RELIGION AND PEACE BUILDING IN AFRICA
Proceedings of the International Conference of the Association for the Promotion of African Studies on African Ideologies, Human Security and Peace Building, 10th -11th June 2020
Ikechukwu Anthony KANU
Ejikemeuwa J. O. NDUBISI
First Published in 2020
A publication of The Association for the Promotion of African Studies
COPYRIGHT © 2020 by The Association for the Promotion of African Studies
It is generally accepted in some quarters that religion constitutes the second nature of the African people. Religion, no doubt, permeates the way of life of an African. It dictates the likes and dislikes of an African. No wonder J. S. Mbiti observed that “Africans are notoriously religious.”1 Religion is such a powerful force that can be used to make or mar a particular society. It can serve as a tool for unity or disunity depending on how it was employed.

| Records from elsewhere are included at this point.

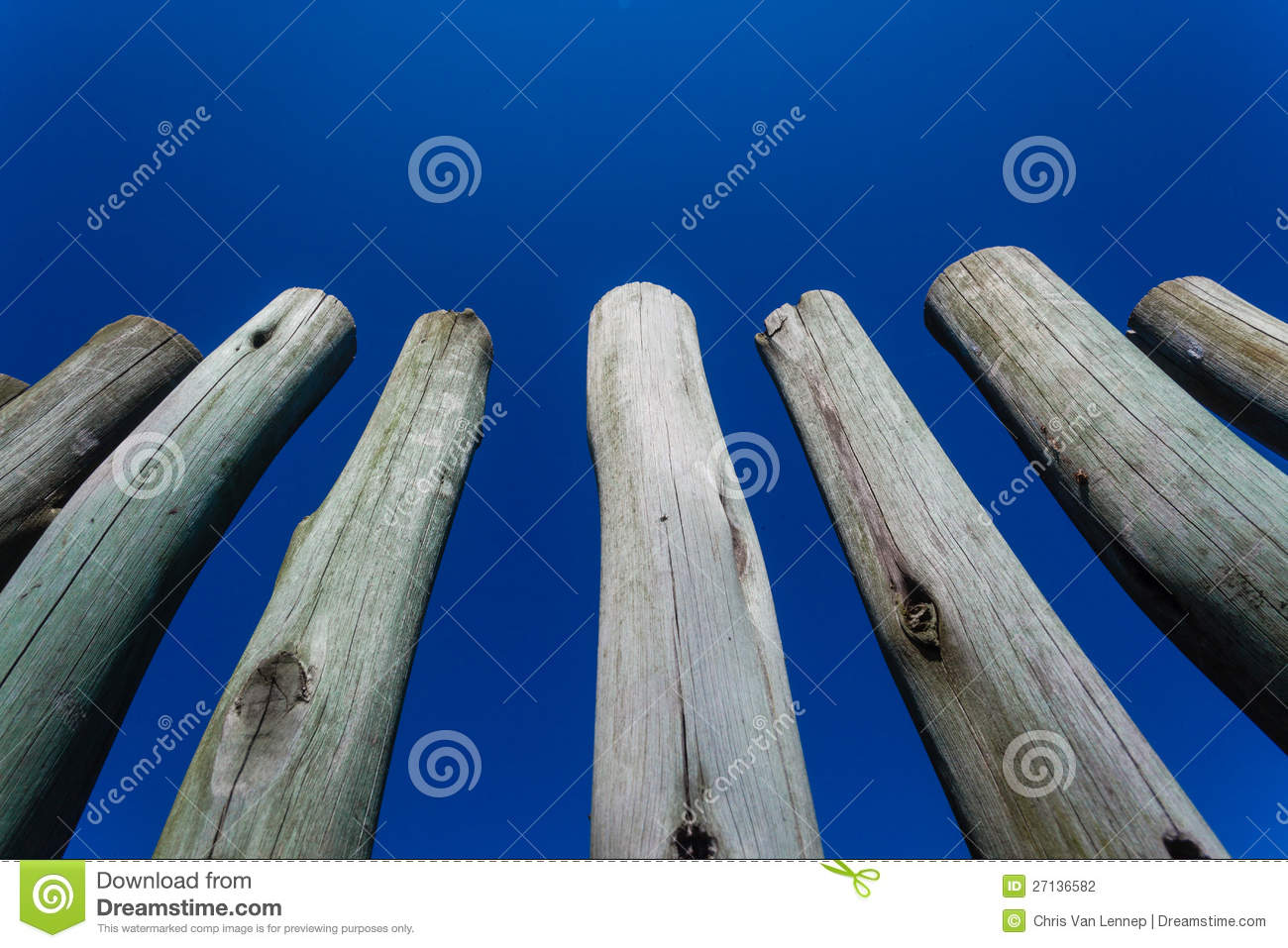 Photo Image Close To The Small Round Wood Poles Secured To The    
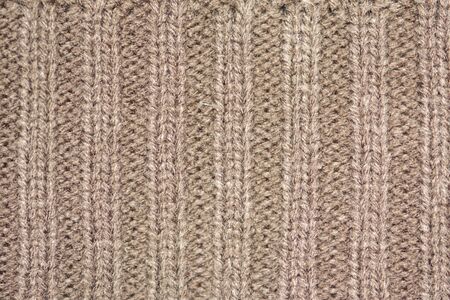 Background of the wool yarn. Woollen fabric texture closeup. Textile texture background. Detailed warm yarn background.の写真素材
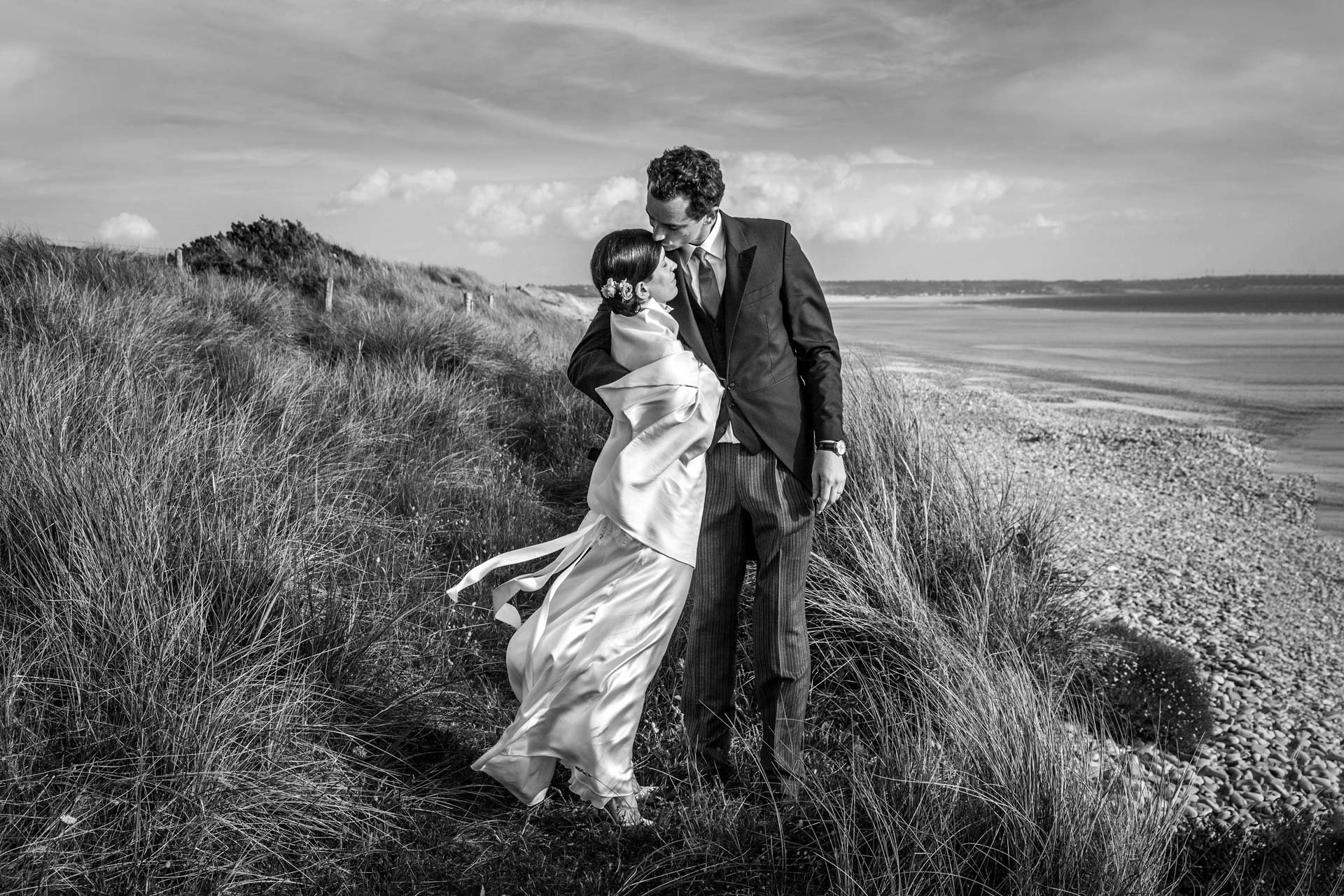 Un couple en vêtements de mariage sur une plage, l'homme tiens une femme dans ses bras.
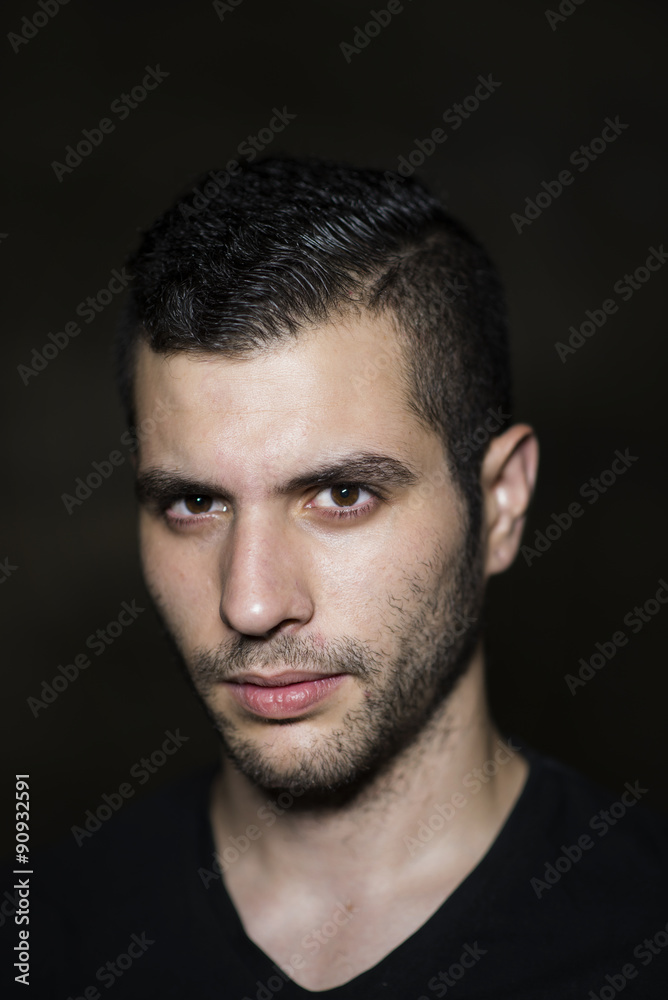 Young 20s modern man posing on dirty wall with ambient ligh. Young 20s modern man posing on dirty wall with ambient ligh.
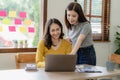 Two cute asian businesswoman sitting at table discussing financial accounting Royalty Free Stock Photo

In recent times, Africa has been engulfed with series of security challenges and violent conflicts, some of which can be attributed to religious intolerance. In Nigeria, for instance, there are cases of religious crises almost on a daily basis. Human beings are killed and properties are destroyed on the ground of religious violence.

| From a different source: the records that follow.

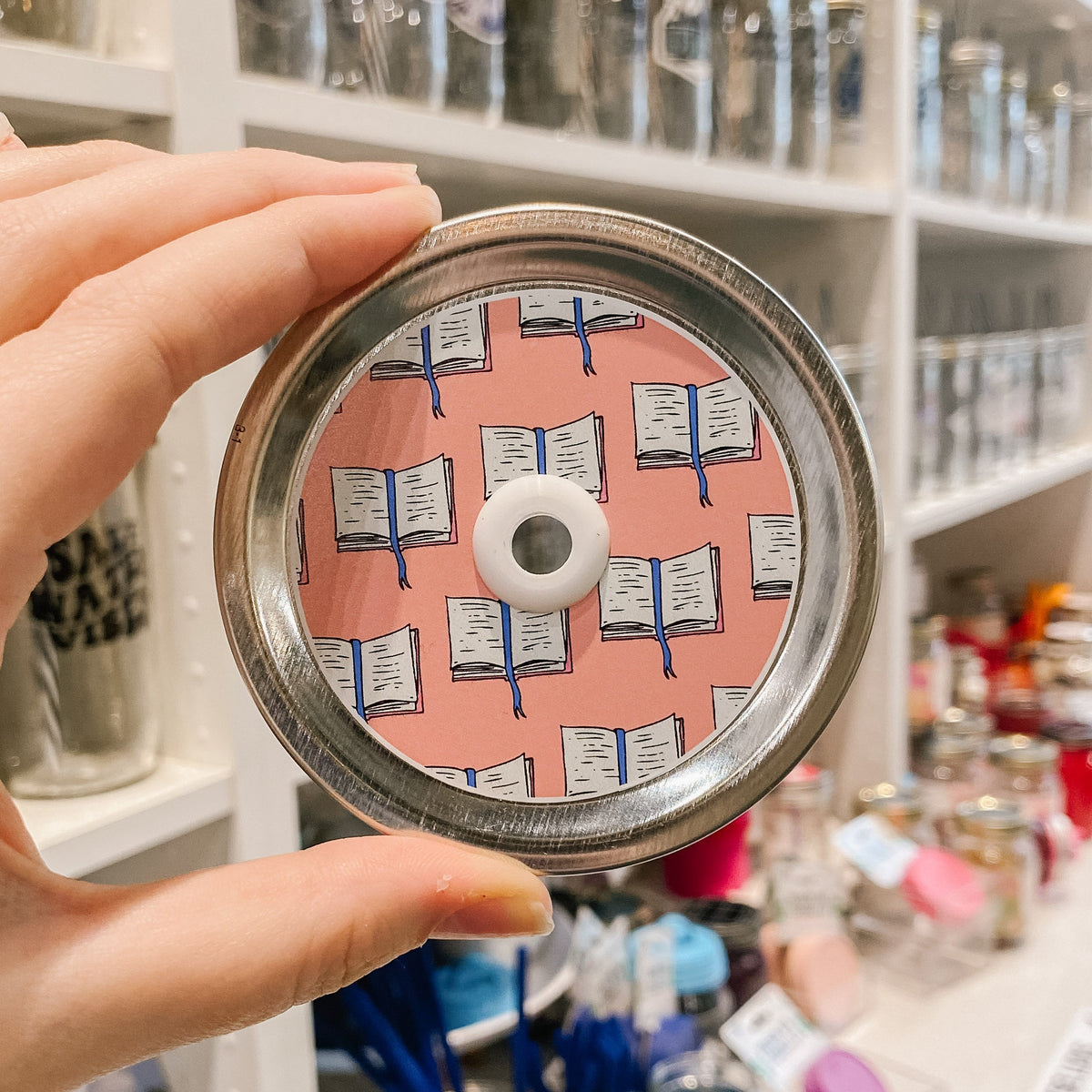 straw lid with light pink background, repeated pattern of an open book with a blue ribbon bookmark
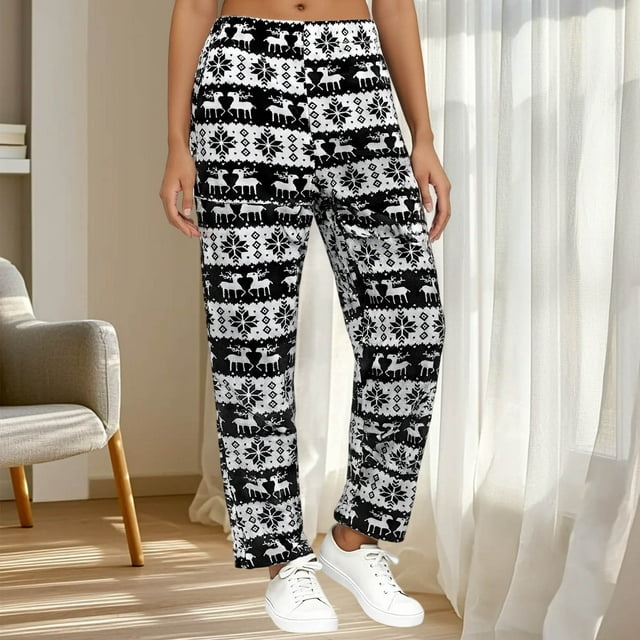 Pantalones de dormir de franela suave con cintura elástica para mujer, con estampado festivo y bolsillos laterales. Pantalones de poliéster para mujer.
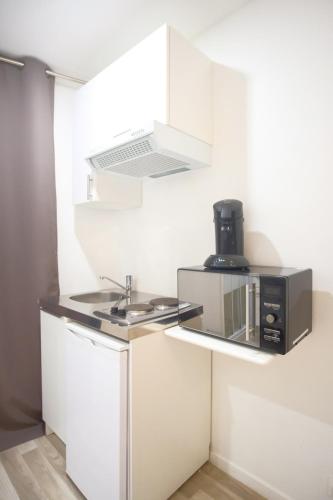 Il comprend une petite cuisine blanche avec un four micro-ondes et un évier. dans l'établissement Charming and cozy Near Montparnasse, à Paris
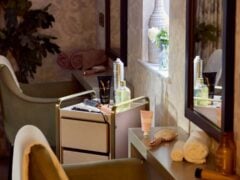 Beauty products on dressing table with mirror reflection.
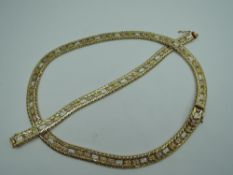 A multi coloured gold plated woven collarette and matching bracelet, stamped 925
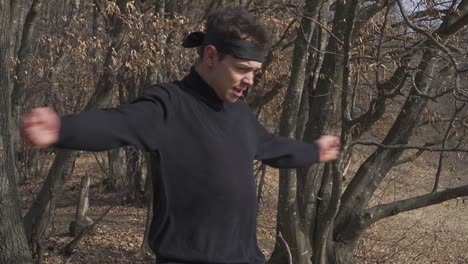 A ninja in black attire stretches his arms during a warm-up session in a forest setting. Perfect for themes of martial arts, training, discipline, and combat preparation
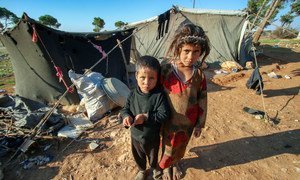 叙利亚霍姆斯南部偏远农村地区的一个营地，孩子们站在帐篷外，周围都是沙地。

Being highly disturbed by the above scenario, African scholars have asked: Is religion fundamentally an instrument of peace or violence? To what extent can religion be employed to maintain peace and harmonious coexistence in Africa? These and the related questions bothered the Association for the Promotion of Afican Studies (APAS). Therefore, the book in your hands is part of the fruits of their reflections on the above questions. This book is a collection of some papers that were read at the 2020 APAS International Conference (10 – 11 June) with the theme: African Ideologies, Human Security and Peacebuilding. This book hinglights the unique importance of religion in peacebuilding in Africa. The ten (10) chapters herein advocate for religious tolerance and harmonious coexistence among African people irrespective of religious background. Religion, in the understanding of this book, should be a factor for unity and not disunity in Africa.